An intaglio, or a geoglyph, can be found prominently in the stretch of desert that connects Arizona to California. Their ancient construction resulted from the displacement of dark stones to reveal the light soil underneath, etchings that created a permanent symbol of prehistoric ancestries. According to an April 1989 issue of Arizona Highways these etchings are believed to be anywhere from 150, to 5,000 years old. Additionally, these etchings range anywhere from 20 feet in diameter, to over 150 feet. One intaglio, 75 miles west of Phoenix, measures an incredible 300 feet. These intaglios bear the resemblance of human figures, snakes, lizards, mountain lions and other geometric shapes. So, what does it all mean? Archaeologists mainly contend that these geoglyphs were intended to communicate with Native gods. The tone of communication exists on a speculative continuum ranging from praise and honor, to cries for help, imploring divine intervention to assuage the cruelty of an unrelenting and changing landscape. The aforementioned geoglyphs provide a peek into a time where the veil between spirituality and mortality might have been thinner.
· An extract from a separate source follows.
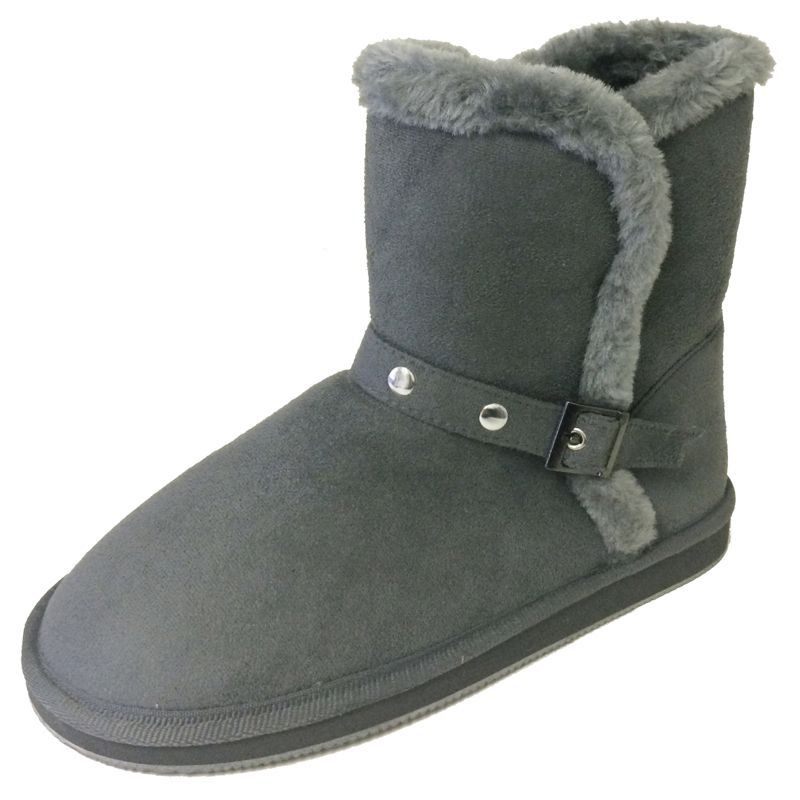 Women's Winter Boots Faux Suede Buckle Studs Fur Lined Ankle Shoes, Grey-6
These relics of a distant past, and their mystery, illustrate how much history was lost to colonialism. Not only did colonizers do their best to eradicate the powerful Native themselves, they simultaneously robbed future persons of enculturated sources for which clues to human history might exist. Due to the genocidal force that perpetuated colonialism, much of the primary, secondary or even tertiary source material regarding the spirituality of the ancient Native has been lost. Luckily, caretakers of culture and heritage, like Barbara Drake and her fellow Indigenous peoples, have preserved what is left and seek to reclaim what is yet to be discovered.